We place the ad with the intention of having it shown to people who are actively engaged and interested in what we have to targeted potential people. Our goal is to get an immediate or as quickly as possible return on our advertising spend.
Think of it this way: if I could show you a place where you could place an ad right now and you could invest $1 in advertising and know with a high degree of certainty that sometime in the next seven days that $1 invested was going to yield a $2 return.
The question now is how often would you invest?
The answer is, as often as you can!
When we buy traffic, our goal is to go out with our best offers our best funnels, and to buy traffic to that. When we spend money on traffic, we don't hope that it's going to make money, we want to know that it's going to return a positive ROI in the shortest time possible.
I know this opens up many more questions. One of the common questions: if I invest $1, how long before I get it back?
It depends...
When we're starting out and buy ads, we never want to have to wait for a long time before we see an ROI. We want to get that time period down as short as possible.
The question should be: how long can you wait before you get that money back?
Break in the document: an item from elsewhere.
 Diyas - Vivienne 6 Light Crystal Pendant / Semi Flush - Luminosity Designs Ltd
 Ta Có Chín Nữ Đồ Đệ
You'll have to think about cash flow. If you're just starting out, you're going to want to get that money back a little bit sooner.
Meanwhile, as you build your cash flow and reserves in your business, you can spend more on advertising and be more aggressive. Now you can afford to wait longer to get that ROI back.
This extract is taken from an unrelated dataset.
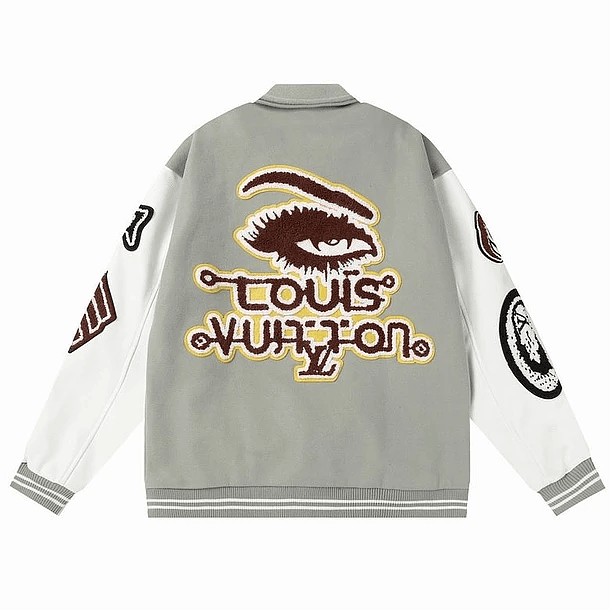 Varsity Jacket louis vuitton gris Studios 2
Budget doesn't really matter when we talk about paid advertising. What you need is to know the sources of traffic where you can buy visitors to your website and knowing that there's a certainty that you're going to make money from those visitors in an X period of time.
You just need to manage the cash flow to make sure that you can continue to do that before you start making a profit. The bigger your business gets, the longer you can wait.
That's why big companies that go out and seek venture capital investors, so that they can afford to go in and spend more than the competitors to buy the advertising to own that market.
They're not worried about making money in the next week. They're happy if they make it in the next year.
Here's the good news:
There are lots of ways to use Facebook, Google, native ads, etc. where you can make an immediate profit, from a dew days to a few weeks. You don't have to wait months. The more successful you are at this, the more you can spend on ads.
This is an important thing to remember, which ever company in a given market, can afford to spend the most money on ads to acquire ads is going to own that market.
Why?
Because every single ad platform that exists on the internet today is based on an auction based system, meaning whoever can spend the most is going to have their ads come up first, they get to buy the inventory.
If you can't afford to spend as much as the guy that's up in the rankings, your ads aren't going to run. That's why maximizing lifetime value is crucial. We will dive into this in a different crash course.
Conclusion
Paid traffic is the key to reliable, predictable, scalable revenue online. It's not about the budget. You are a direct response marketer; you're looking for sources of traffic that you can drive to your sales funnels and turn those into a profit in the shortest time possible.
Once you've done this, and you know that you can invest here and have a profit by there, you want to invest as much as you can, in that traffic to grow your business.
This crash course will set a foundation in your brain to make sure you think about the traffic the right way. Once you build your traffic campaigns on the platform, the foundation of knowledge you just learned from this course, you're going to be far more successful.